> PROBLEM DETAILS:
Nothing but the lines from the one showing "Изображение 3 2009" through the final line of the data below belongs in the answer, duplicated exactly and without pictures.

> DATA EXTRACTS:
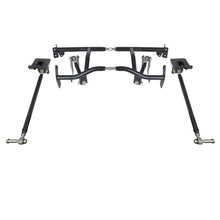 Load image into Gallery viewer, RIDETECH 11177187 - 70-81 GM F-Body Rear 4 Link Kit image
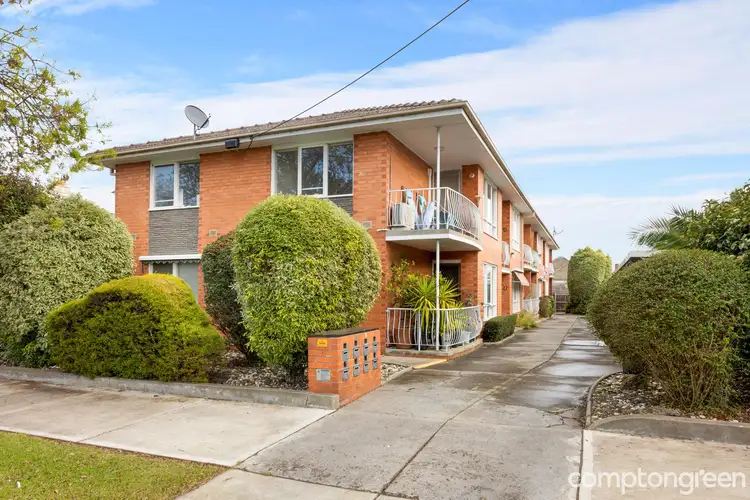 Main view of Homely apartment listing, 5/77 Victoria Street, Williamstown VIC 3016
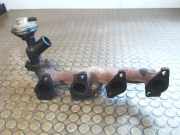 Auspuffkrümmer Peugeot 307 3RHY/3RFN/3NFU/3RHS/3KFU/2RFK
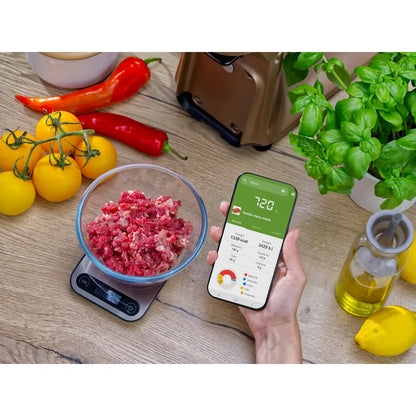 Sencor STM 7651WS Gordon Food Processor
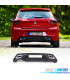DIFFUSEUR SEAT IBIZA 18- LOOK CUPRA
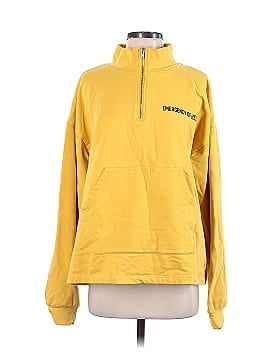 Unbranded Pullover Hoodie (view 1)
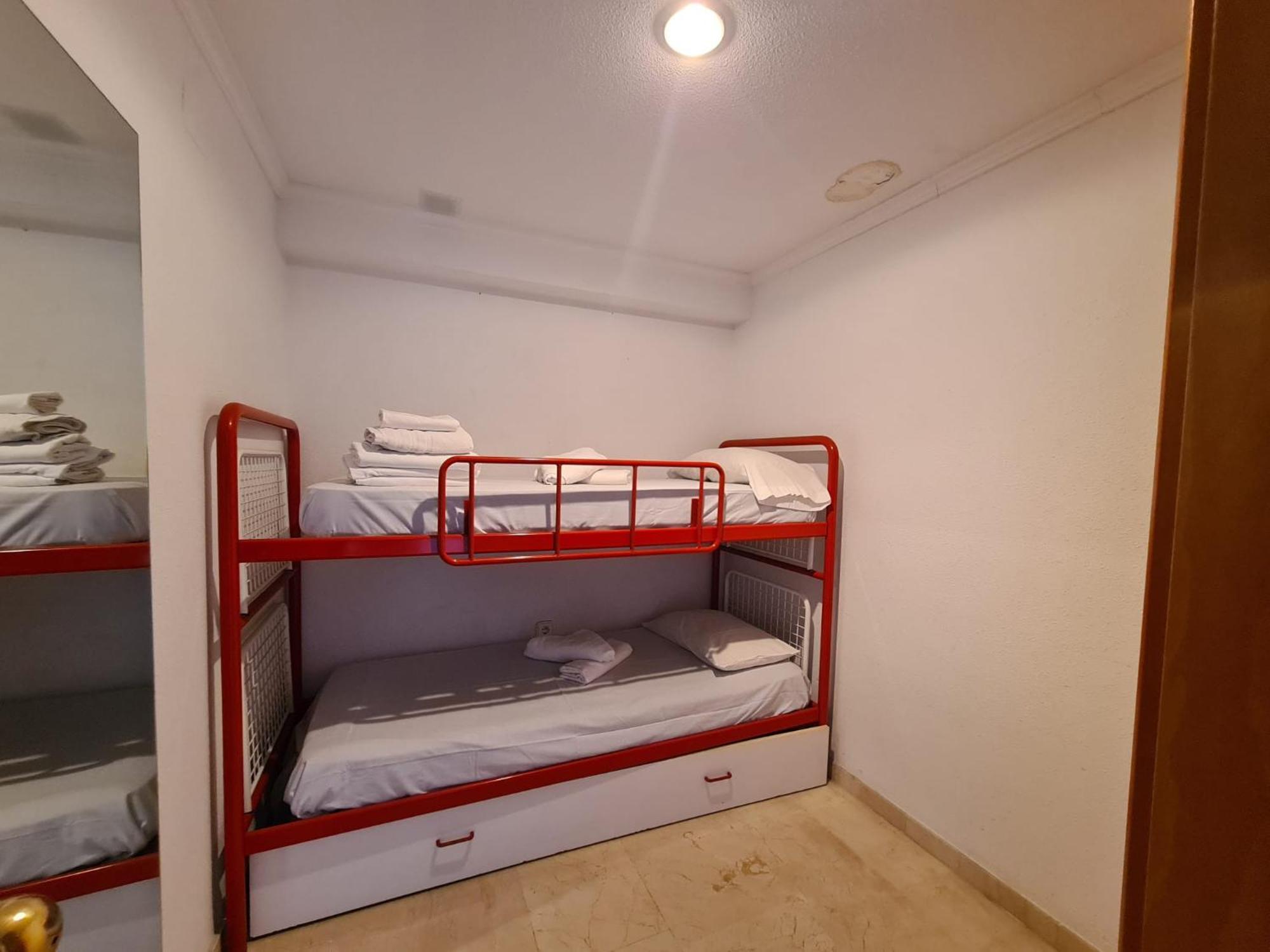 Santa Margarita If Appartement *
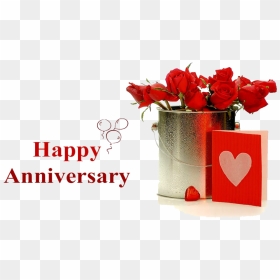 Transparent Happy Anniversary Png - Happy Wedding Anniversary Png, Png Download - happy anniversary png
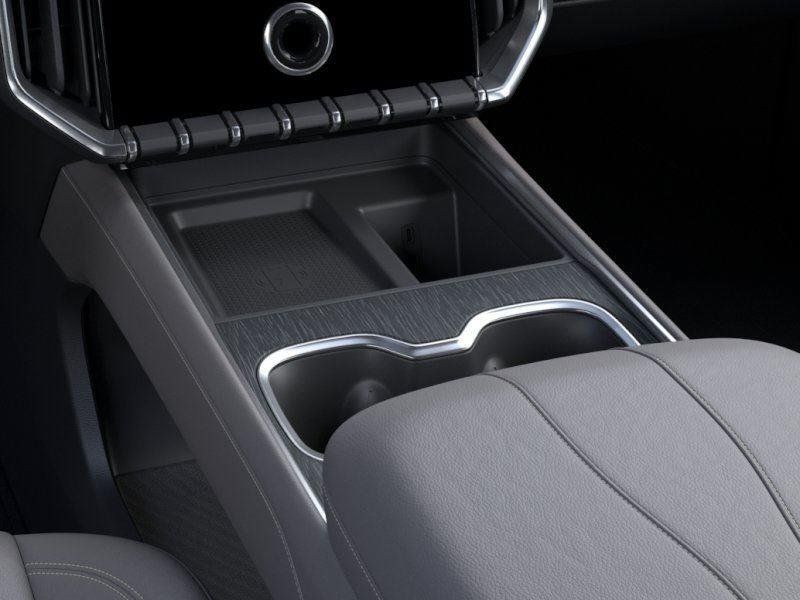 New 2026 GMC Acadia Elevation w/ Black Edition FWD image 23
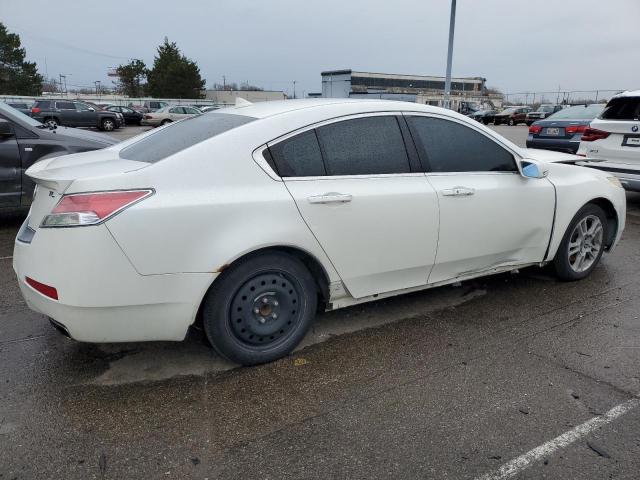 Изображение 3 2009 ACURA TL  2009 с VIN 19UUA86519A005846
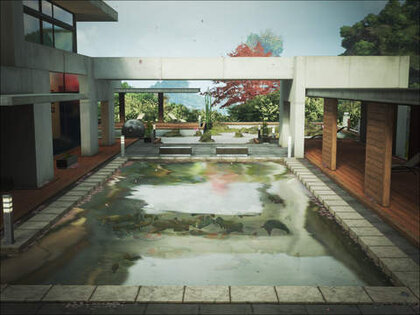 Epic Zen Garden. Скриншот 1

> WRITTEN RESPONSE:
 Изображение 3 2009 ACURA TL  2009 с VIN 19UUA86519A005846
 Epic Zen Garden. Скриншот 1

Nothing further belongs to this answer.